● Available records
————

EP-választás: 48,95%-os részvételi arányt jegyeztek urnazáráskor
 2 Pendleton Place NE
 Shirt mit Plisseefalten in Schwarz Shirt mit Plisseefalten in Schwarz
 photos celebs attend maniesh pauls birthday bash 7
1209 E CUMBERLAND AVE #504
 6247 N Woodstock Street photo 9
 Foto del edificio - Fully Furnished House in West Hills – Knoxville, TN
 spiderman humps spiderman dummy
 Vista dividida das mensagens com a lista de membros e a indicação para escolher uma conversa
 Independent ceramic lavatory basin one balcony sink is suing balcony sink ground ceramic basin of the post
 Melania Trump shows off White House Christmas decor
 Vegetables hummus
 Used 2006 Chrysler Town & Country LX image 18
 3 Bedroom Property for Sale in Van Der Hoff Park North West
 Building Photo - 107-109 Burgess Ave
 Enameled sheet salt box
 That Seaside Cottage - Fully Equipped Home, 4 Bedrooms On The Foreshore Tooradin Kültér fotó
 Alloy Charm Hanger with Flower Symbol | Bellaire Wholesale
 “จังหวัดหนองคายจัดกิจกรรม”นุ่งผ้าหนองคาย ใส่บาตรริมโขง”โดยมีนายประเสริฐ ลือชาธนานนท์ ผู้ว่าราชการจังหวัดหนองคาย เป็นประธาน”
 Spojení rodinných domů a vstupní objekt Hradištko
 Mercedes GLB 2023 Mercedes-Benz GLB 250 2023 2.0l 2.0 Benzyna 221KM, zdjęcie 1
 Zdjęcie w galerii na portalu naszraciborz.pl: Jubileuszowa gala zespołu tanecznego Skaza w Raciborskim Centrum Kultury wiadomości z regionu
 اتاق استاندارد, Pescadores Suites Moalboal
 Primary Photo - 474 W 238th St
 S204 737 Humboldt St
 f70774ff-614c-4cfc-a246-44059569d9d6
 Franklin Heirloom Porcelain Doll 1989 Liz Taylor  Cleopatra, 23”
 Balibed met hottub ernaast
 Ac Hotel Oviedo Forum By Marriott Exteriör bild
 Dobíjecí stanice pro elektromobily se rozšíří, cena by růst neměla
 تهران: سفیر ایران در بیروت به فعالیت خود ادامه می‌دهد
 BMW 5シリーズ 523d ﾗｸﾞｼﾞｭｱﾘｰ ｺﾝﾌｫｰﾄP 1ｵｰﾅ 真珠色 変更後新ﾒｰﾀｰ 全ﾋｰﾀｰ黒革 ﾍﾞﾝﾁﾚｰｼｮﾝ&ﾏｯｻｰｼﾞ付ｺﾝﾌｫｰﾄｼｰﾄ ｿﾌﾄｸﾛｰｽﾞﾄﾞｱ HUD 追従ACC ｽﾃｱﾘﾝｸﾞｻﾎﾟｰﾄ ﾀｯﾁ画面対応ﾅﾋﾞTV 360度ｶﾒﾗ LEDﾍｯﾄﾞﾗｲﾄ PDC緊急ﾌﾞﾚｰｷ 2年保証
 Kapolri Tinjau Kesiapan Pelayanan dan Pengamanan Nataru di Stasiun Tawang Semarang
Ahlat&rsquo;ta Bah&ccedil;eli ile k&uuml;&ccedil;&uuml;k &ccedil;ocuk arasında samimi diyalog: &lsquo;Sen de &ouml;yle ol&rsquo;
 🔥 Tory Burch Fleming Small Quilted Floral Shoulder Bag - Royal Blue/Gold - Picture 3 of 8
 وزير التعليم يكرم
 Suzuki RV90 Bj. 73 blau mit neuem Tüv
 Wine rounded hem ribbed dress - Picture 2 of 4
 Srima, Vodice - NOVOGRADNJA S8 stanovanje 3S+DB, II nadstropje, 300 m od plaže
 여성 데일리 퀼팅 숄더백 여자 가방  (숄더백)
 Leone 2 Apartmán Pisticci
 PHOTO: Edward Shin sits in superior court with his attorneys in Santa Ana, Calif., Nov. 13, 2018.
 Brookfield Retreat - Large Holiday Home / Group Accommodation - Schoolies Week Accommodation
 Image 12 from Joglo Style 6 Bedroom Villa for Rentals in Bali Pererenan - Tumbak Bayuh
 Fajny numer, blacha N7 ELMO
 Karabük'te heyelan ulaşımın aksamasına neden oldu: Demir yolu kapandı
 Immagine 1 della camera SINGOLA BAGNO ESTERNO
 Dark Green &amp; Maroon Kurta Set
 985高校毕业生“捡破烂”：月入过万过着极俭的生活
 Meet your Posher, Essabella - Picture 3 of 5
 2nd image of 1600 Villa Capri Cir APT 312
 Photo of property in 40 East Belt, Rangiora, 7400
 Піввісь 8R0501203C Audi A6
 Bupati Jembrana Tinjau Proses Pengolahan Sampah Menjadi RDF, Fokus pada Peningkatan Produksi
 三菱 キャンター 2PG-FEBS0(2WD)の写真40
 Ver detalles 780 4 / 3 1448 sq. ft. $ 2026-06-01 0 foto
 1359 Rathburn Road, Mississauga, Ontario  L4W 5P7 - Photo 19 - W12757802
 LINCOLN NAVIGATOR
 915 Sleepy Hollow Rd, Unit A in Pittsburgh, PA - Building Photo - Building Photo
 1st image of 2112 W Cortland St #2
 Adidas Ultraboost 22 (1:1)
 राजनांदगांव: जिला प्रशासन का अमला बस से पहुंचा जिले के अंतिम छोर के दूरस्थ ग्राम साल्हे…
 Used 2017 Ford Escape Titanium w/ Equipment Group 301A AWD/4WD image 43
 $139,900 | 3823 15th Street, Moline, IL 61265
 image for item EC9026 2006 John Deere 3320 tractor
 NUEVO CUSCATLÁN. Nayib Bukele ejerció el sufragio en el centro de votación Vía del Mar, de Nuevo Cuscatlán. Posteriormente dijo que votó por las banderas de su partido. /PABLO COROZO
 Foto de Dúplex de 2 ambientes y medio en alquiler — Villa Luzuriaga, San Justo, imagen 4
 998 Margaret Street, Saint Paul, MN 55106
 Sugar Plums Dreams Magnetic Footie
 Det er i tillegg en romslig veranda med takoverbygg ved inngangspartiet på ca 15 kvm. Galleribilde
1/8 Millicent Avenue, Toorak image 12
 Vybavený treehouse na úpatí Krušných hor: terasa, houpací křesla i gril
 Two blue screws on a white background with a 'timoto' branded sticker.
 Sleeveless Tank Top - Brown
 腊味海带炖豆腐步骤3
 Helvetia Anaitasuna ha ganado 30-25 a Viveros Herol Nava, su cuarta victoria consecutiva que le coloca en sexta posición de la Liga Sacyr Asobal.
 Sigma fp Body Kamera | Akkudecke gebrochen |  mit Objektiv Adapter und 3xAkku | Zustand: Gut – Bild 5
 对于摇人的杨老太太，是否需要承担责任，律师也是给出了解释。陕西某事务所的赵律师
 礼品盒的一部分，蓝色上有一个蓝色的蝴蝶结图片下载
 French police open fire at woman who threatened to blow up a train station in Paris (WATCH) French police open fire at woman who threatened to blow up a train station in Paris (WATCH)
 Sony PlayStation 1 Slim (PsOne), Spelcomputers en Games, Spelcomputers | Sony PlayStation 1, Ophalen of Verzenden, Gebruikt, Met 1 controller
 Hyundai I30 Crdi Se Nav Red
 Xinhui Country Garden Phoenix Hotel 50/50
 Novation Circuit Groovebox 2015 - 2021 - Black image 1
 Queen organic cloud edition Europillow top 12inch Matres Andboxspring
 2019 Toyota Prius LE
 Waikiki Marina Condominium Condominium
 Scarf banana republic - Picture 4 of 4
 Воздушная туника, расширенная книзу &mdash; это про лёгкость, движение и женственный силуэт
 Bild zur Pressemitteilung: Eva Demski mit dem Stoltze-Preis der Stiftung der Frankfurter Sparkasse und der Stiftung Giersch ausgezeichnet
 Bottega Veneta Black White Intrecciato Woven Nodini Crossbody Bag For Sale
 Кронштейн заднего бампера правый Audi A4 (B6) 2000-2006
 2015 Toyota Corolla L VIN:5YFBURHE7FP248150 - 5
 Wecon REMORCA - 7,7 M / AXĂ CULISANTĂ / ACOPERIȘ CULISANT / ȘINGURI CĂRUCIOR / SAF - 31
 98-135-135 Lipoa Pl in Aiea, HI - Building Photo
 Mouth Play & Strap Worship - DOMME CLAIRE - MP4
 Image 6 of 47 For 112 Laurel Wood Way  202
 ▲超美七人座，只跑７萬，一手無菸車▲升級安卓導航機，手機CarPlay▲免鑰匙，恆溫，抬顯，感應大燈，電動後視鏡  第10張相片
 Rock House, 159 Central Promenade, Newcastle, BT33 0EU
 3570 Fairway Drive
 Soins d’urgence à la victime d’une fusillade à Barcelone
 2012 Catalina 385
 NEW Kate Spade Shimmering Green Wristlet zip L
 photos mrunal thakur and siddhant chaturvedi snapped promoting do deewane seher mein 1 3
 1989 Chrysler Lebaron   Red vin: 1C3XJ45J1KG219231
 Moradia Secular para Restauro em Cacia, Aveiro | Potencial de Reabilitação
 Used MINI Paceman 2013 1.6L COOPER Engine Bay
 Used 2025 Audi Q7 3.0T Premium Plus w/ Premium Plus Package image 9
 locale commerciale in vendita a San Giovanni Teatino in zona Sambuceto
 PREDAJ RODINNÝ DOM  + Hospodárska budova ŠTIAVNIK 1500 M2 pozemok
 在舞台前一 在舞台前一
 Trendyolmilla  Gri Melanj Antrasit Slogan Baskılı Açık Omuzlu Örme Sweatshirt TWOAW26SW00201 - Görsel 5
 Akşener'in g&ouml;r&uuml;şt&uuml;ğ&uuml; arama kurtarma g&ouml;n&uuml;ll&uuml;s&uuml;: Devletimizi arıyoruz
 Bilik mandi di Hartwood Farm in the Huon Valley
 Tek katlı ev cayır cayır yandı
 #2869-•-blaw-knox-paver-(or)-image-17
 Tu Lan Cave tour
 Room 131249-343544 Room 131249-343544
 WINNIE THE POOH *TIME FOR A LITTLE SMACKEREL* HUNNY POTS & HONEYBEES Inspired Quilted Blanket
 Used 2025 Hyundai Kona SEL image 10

————

● Task statement
Scan the lines above for "Tinjau", then copy every one that has it.

● Exercise answer
 Kapolri Tinjau Kesiapan Pelayanan dan Pengamanan Nataru di Stasiun Tawang Semarang
 Bupati Jembrana Tinjau Proses Pengolahan Sampah Menjadi RDF, Fokus pada Peningkatan Produksi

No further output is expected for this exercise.